Stars Casino Restores Gaming Operations With Outside Thinking, Literally

Posted on: August 8, 2020, 12:20h. 

Last updated on: August 10, 2020, 12:34h.

Stars Casino, a card room in Tracy, Calif., is bringing back gaming by moving the tables outside, a plan that went into effect today at noon local time.

Stars Casino Moves Tables Outside
After working with local and state leaders, including Gov. Gavin Newsom’s office, Stars Casino in Tracy, Calif. is reopening with outdoor gaming. (Image: Los Angeles Times)

News of the reopening comes more than a month after California Gov. Gavin Newsom (D) issued a directive forcing a second round of closures of indoor businesses, including card rooms, in 19 counties. San Joaquin County, home to Stars Casino, was one of the 19 regions affected by that order.

Card rooms across the state temporarily closed for the first time this year in March That sparked concerns about job loss and crimped revenue in the municipalities in which the venues operate. The gaming properties reopened in June, but only for a brief period before Newsom ordered indoor entertainment venues closed again amid a second wave of COVID-19 cases.

The outdoor gaming operations will allow the local cardroom to restore the jobs of its employees, most of whom have not been working the past several months, as the cardroom remained closed,” according to a statement issued by Stars.

Table games will be placed under tents, with social distancing protocols enforced. California cardrooms only offer table games and do not feature slot machines or video poker.

A Thaw in Relations?

Executives from Stars say they worked with San Joaquin County officials, Newsom’s administration, as well as the Attorney General’s office on the plan to bring back gaming outside.
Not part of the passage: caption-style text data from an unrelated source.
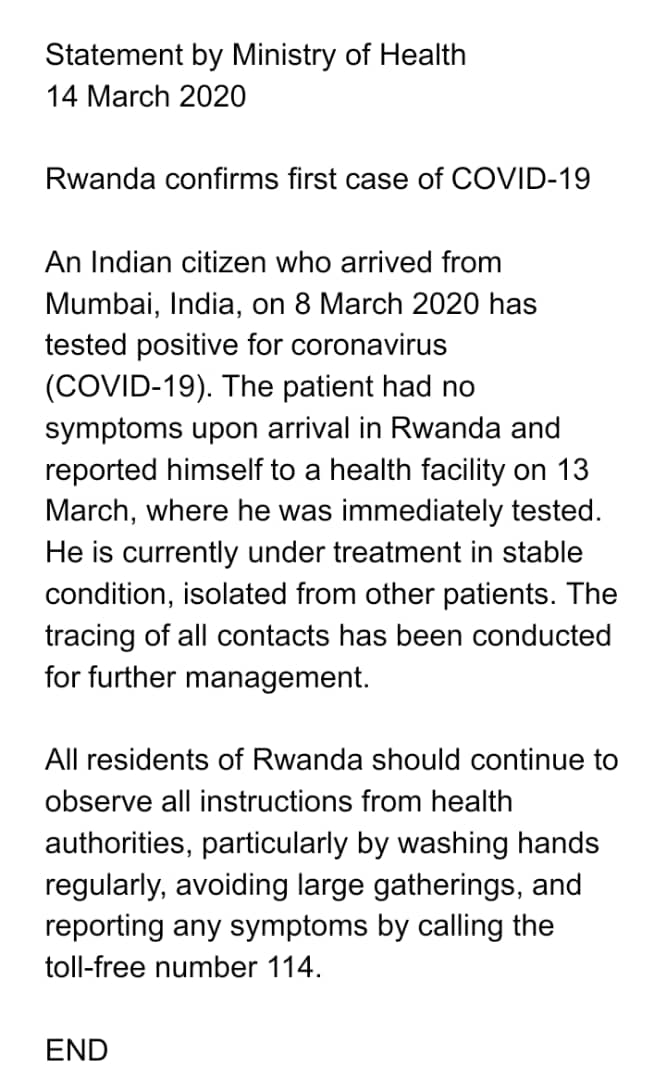 Courtesy: Ministry of Health, Rwanda Twitter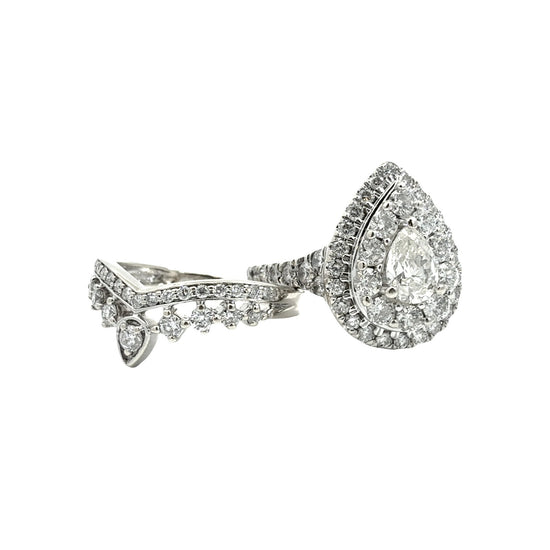 14k White Gold Pear Double Halo 1.93cttw Diamond Bridal Set1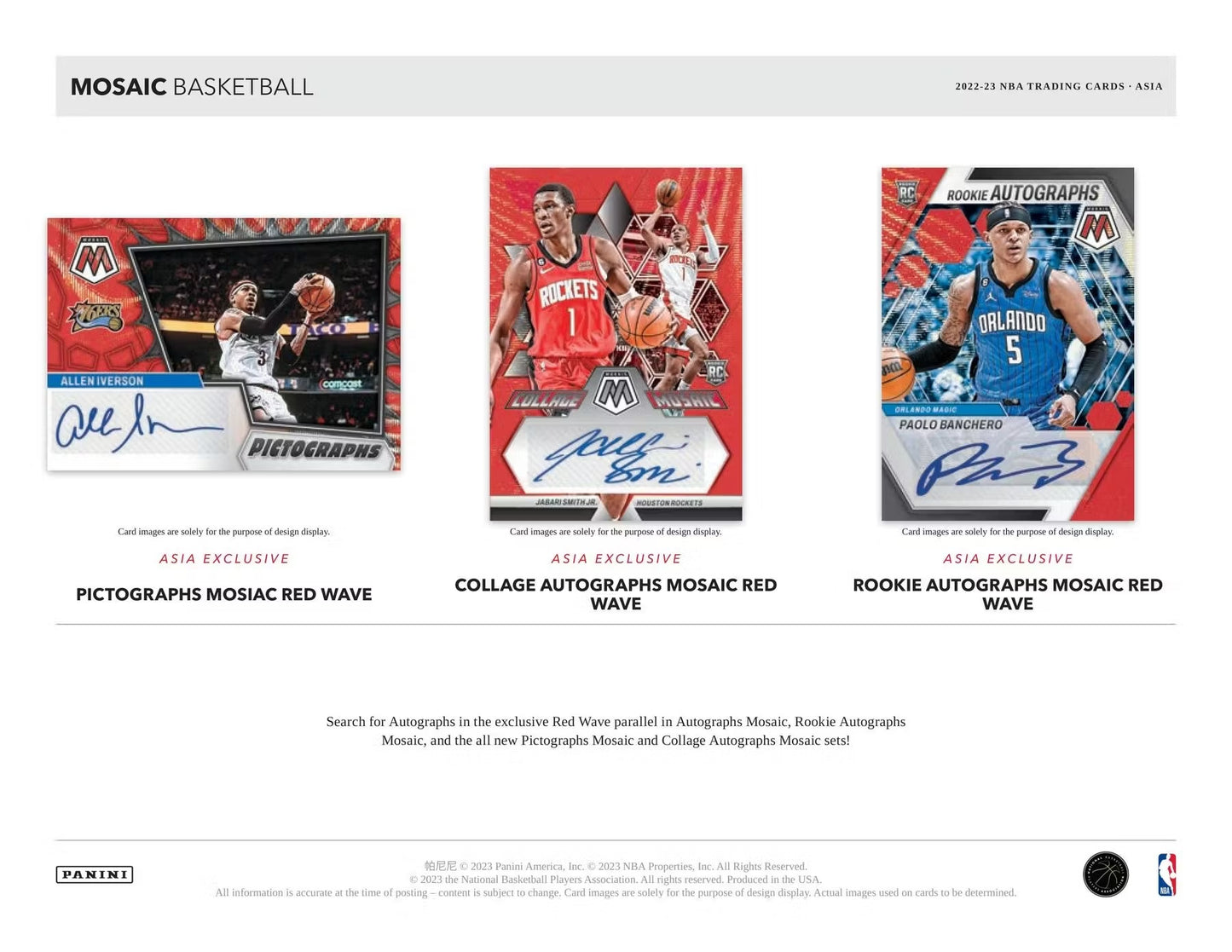 2022-23 Panini Mosaic Basketball Asia Box - 12 Packs Trading Cards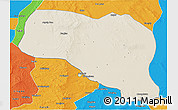 Shaded Relief 3D Map of Otog Qianqi, political outside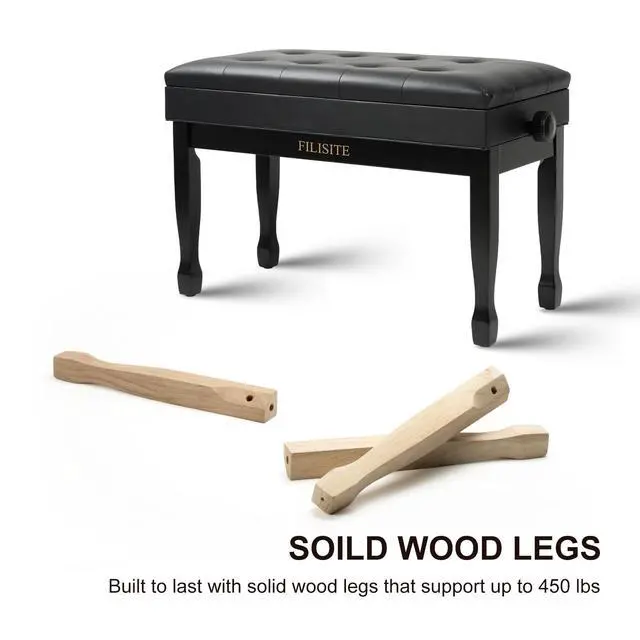 Alt view image 5 of 7 - Adjustable Height Piano Bench with Storage, Solid Wood Duet Keyboard Stool, Waterproof Padded Seat Cushion, Multi-Use Bench for Piano, Vanity, Living Room, Bedroom XJ750-4(Black)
The casino’s unique plan to get employees back to work and gamblers back to the tables comes about three weeks after the California Gaming Association (CGA) — the industry group for Golden State card rooms — implored Newsom to consider closing tribal casinos. The CGA argued that although tribal operators have sovereign status, the governor has the authority to force the closure of those venues in a public health crisis.

In the Golden State, card room and tribal operators have long had a contentious relationship, with many feeling Attorney General Xavier Becerra favors the tribes and their deep pockets over cardrooms. On that note, it could be seen a step in the right direction for the cardrooms that Becerra’s office was involved in Stars’ outdoor plan.

In the state, the Attorney General’s office has jurisdiction over the California Gambling Control Commission (CGCC), the regulatory body for the state’s gaming operators.

State Could Use the Help

While Stars is just one casino, California’s ailing economy could use the help of cardrooms. The industry accounts for more than 32,000 jobs across the state, driving an estimated $1.64 billion in annual economic activity and $500 million in revenue for state and local coffers.

Home to the largest state economy in the country and the fifth-largest in the world, California is also saddled with high unemployment — 11.1 percent in June. Additionally, 57 percent of those filing for jobless benefits there are doing so for a second time since the March coronavirus shutdown.